**Exercise input**
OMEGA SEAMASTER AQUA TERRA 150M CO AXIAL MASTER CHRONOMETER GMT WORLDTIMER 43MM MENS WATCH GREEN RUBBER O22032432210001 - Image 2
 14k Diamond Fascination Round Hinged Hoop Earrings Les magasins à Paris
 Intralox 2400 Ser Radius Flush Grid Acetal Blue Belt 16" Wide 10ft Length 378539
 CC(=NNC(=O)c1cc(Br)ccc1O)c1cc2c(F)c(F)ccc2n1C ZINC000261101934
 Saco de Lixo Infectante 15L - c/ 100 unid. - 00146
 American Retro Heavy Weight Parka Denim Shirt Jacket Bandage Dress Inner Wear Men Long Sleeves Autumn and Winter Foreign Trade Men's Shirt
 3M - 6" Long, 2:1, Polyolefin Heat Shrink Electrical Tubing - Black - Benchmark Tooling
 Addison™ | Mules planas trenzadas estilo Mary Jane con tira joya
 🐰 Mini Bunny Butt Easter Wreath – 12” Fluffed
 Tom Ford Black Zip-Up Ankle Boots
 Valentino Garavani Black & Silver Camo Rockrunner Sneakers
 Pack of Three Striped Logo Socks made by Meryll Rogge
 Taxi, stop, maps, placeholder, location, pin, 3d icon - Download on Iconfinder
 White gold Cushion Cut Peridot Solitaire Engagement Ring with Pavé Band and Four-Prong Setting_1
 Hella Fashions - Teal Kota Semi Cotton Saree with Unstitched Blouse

**Work request**
Copy out the data in full, exactly.

**Answer section**
OMEGA SEAMASTER AQUA TERRA 150M CO AXIAL MASTER CHRONOMETER GMT WORLDTIMER 43MM MENS WATCH GREEN RUBBER O22032432210001 - Image 2
 14k Diamond Fascination Round Hinged Hoop Earrings Les magasins à Paris
 Intralox 2400 Ser Radius Flush Grid Acetal Blue Belt 16" Wide 10ft Length 378539
 CC(=NNC(=O)c1cc(Br)ccc1O)c1cc2c(F)c(F)ccc2n1C ZINC000261101934
 Saco de Lixo Infectante 15L - c/ 100 unid. - 00146
 American Retro Heavy Weight Parka Denim Shirt Jacket Bandage Dress Inner Wear Men Long Sleeves Autumn and Winter Foreign Trade Men's Shirt
 3M - 6" Long, 2:1, Polyolefin Heat Shrink Electrical Tubing - Black - Benchmark Tooling
 Addison™ | Mules planas trenzadas estilo Mary Jane con tira joya
 🐰 Mini Bunny Butt Easter Wreath – 12” Fluffed
 Tom Ford Black Zip-Up Ankle Boots
 Valentino Garavani Black & Silver Camo Rockrunner Sneakers
 Pack of Three Striped Logo Socks made by Meryll Rogge
 Taxi, stop, maps, placeholder, location, pin, 3d icon - Download on Iconfinder
 White gold Cushion Cut Peridot Solitaire Engagement Ring with Pavé Band and Four-Prong Setting_1
 Hella Fashions - Teal Kota Semi Cotton Saree with Unstitched Blouse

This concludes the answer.